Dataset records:
== Segment start ==
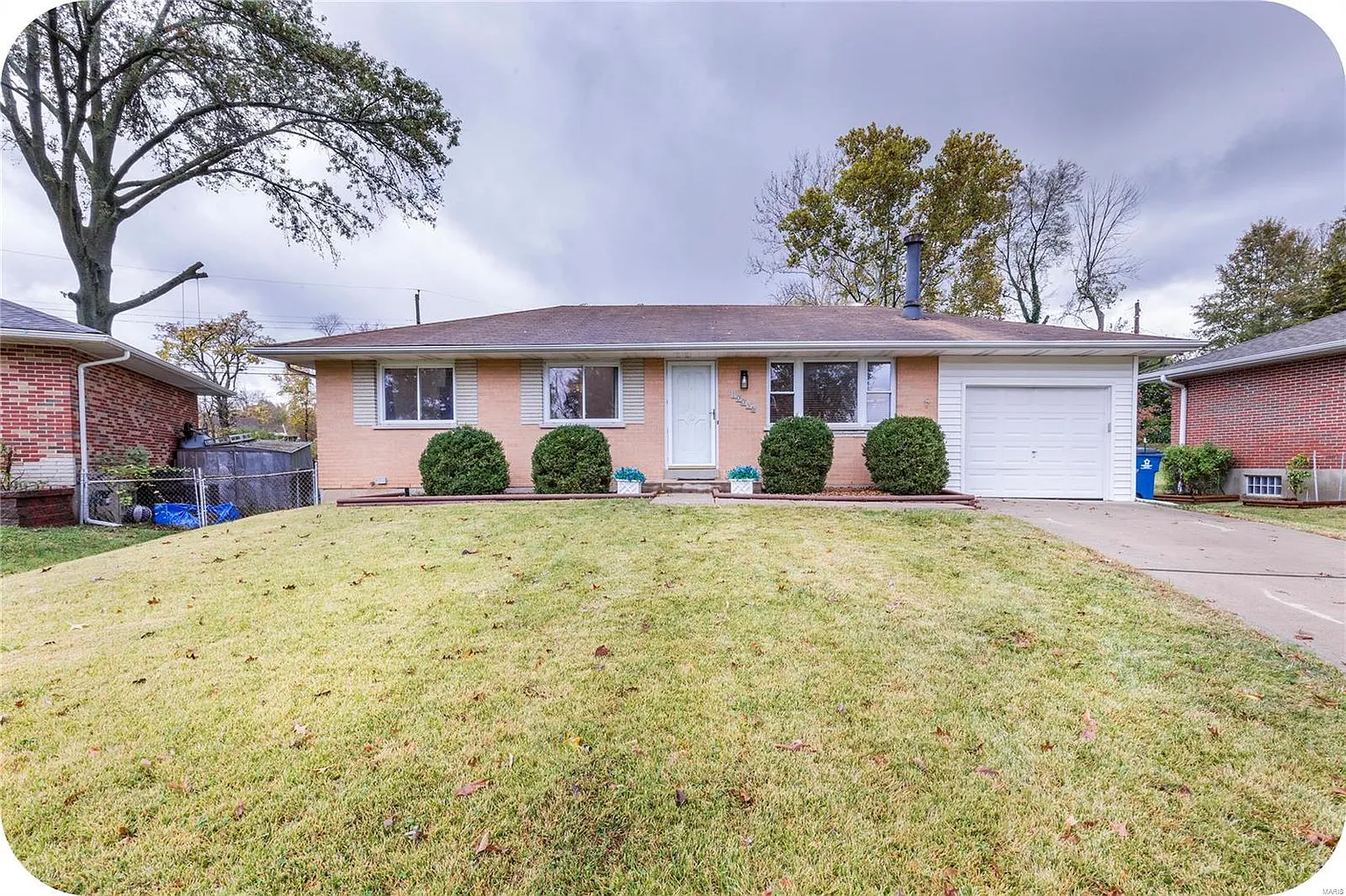 10036 Saint Simon Ct photo 1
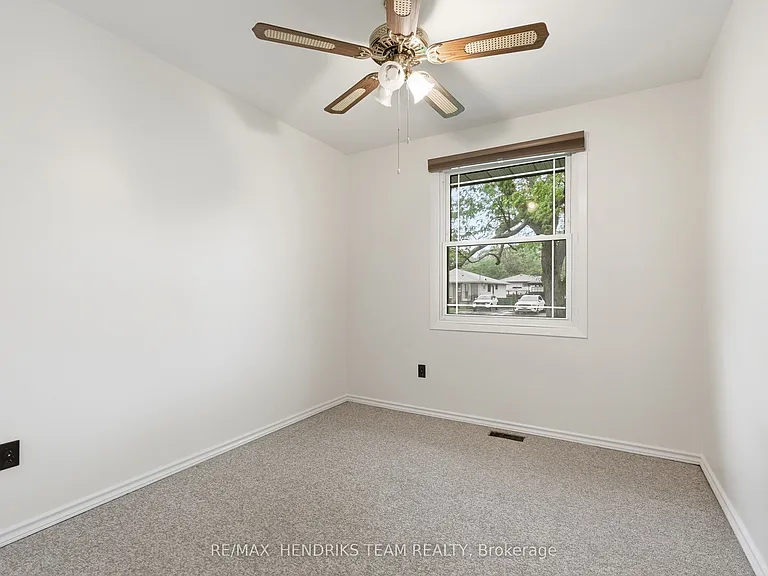 23 Crescentwood Dr — Photo 20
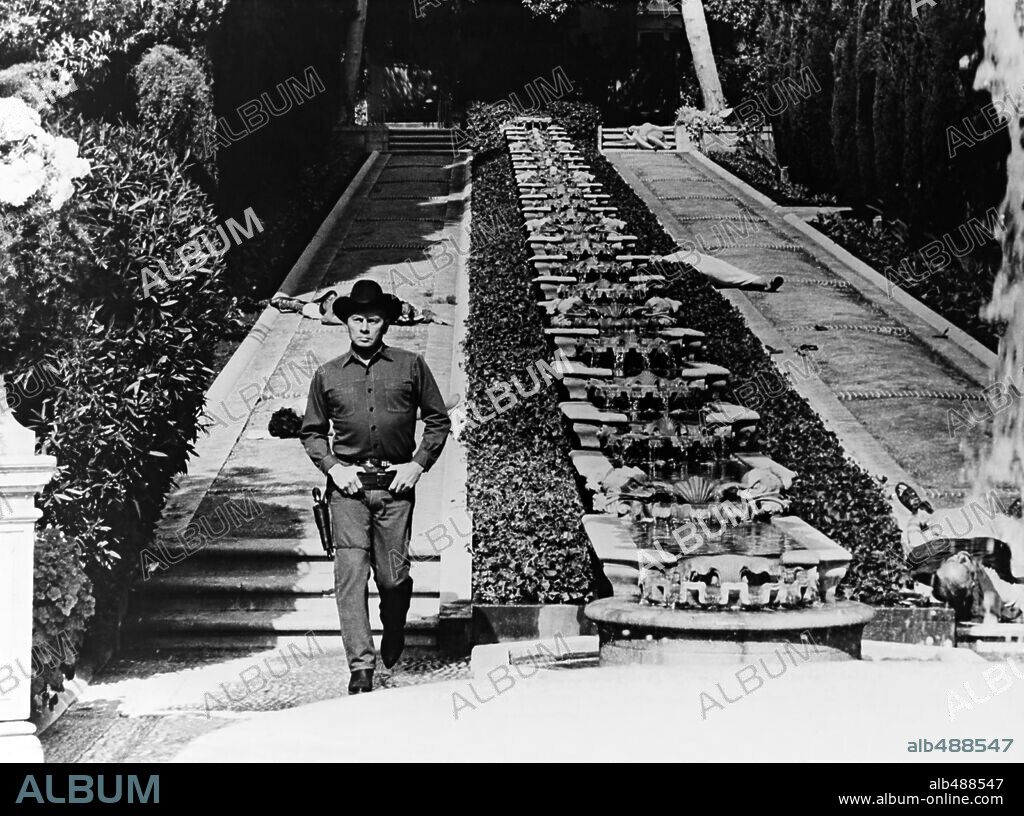 YUL BRYNNER en ALMAS DE METAL, 1973 (WESTWORLD), dirigida por MICHAEL CRICHTON. Copyright M.G.M.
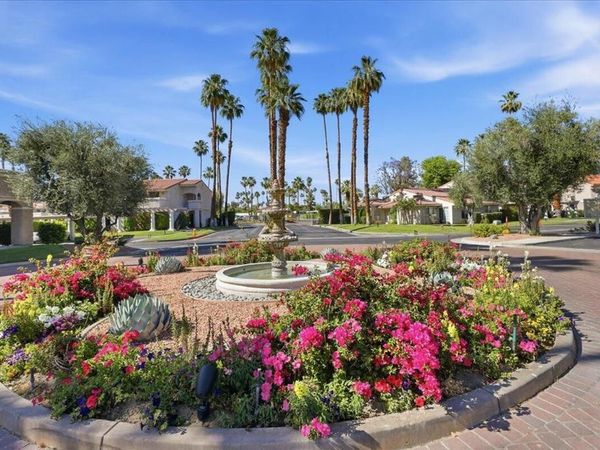 2001 E Camino Parocela, Unit J71, Palm Springs, CA 92264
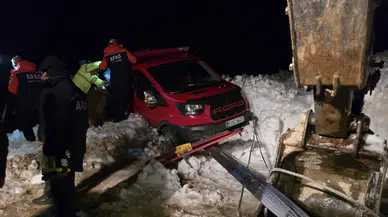 Rize'de kurtarma operasyonu: Çığ nedeniyle 15 kişi mahsur kaldı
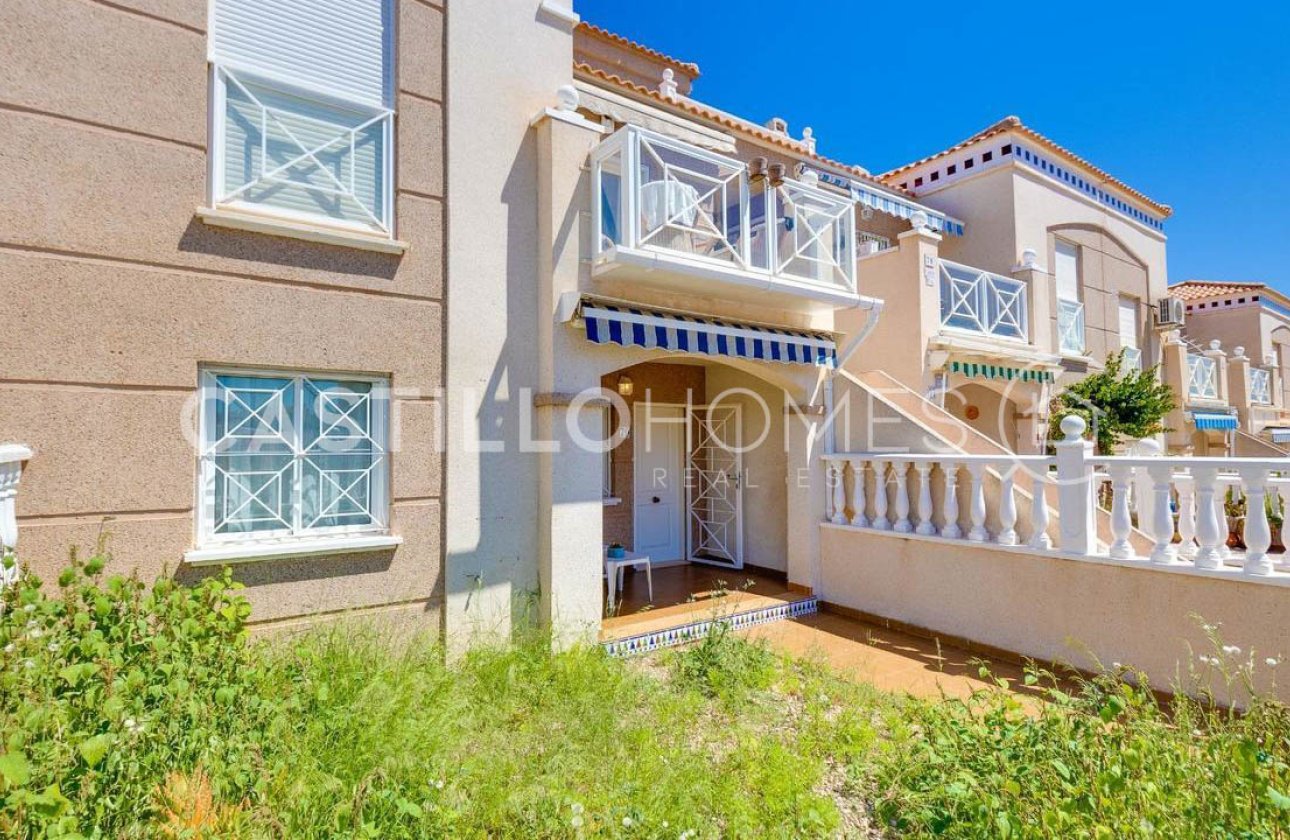 Resale - Bungalow - Torrevieja - Altos de la Bahía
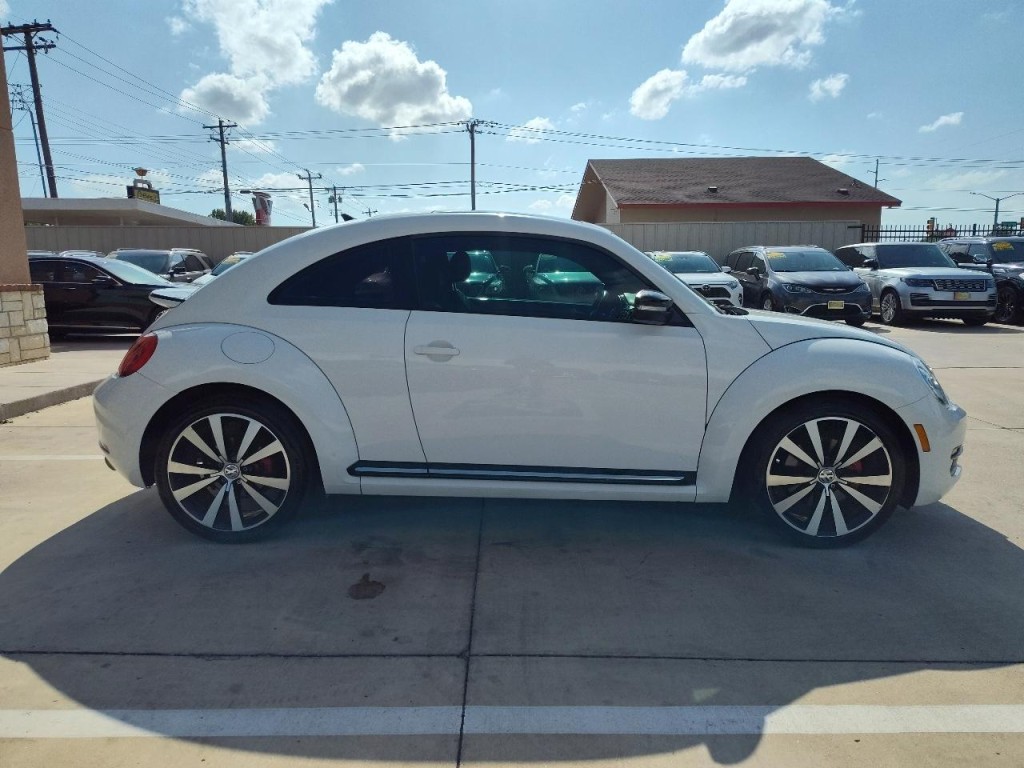 2013 Volkswagen Beetle Image 3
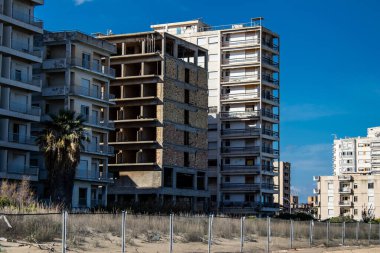 Varosha, Kuzey Kıbrıs - 06 Ocak 2022 Varosha, 1972 'de kurulan bir sahil beldesi, 1974' teki Türk askeri müdahalesi sonrasında sakinleri tarafından terk edilmiş hayalet bir kasaba haline geldi.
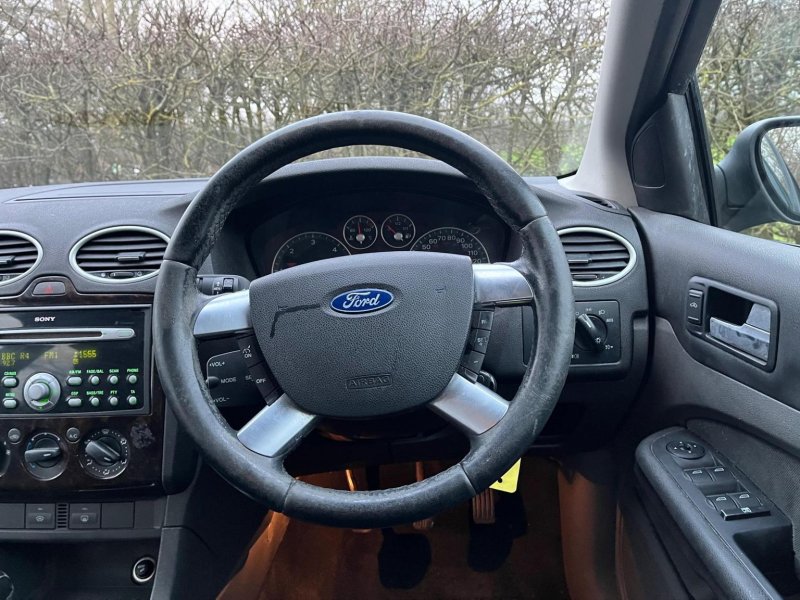 FORD FOCUS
== Segment end ==
## Task objective
Look above for the line with "23 Crescentwood Dr — Photo 20", then give again exactly every line from there through the line with "2013 Volkswagen Beetle Image 3", skipping the pictures.

## Worked solution
 23 Crescentwood Dr — Photo 20
 YUL BRYNNER en ALMAS DE METAL, 1973 (WESTWORLD), dirigida por MICHAEL CRICHTON. Copyright M.G.M.
 2001 E Camino Parocela, Unit J71, Palm Springs, CA 92264
 Rize'de kurtarma operasyonu: Çığ nedeniyle 15 kişi mahsur kaldı
 Resale - Bungalow - Torrevieja - Altos de la Bahía
 2013 Volkswagen Beetle Image 3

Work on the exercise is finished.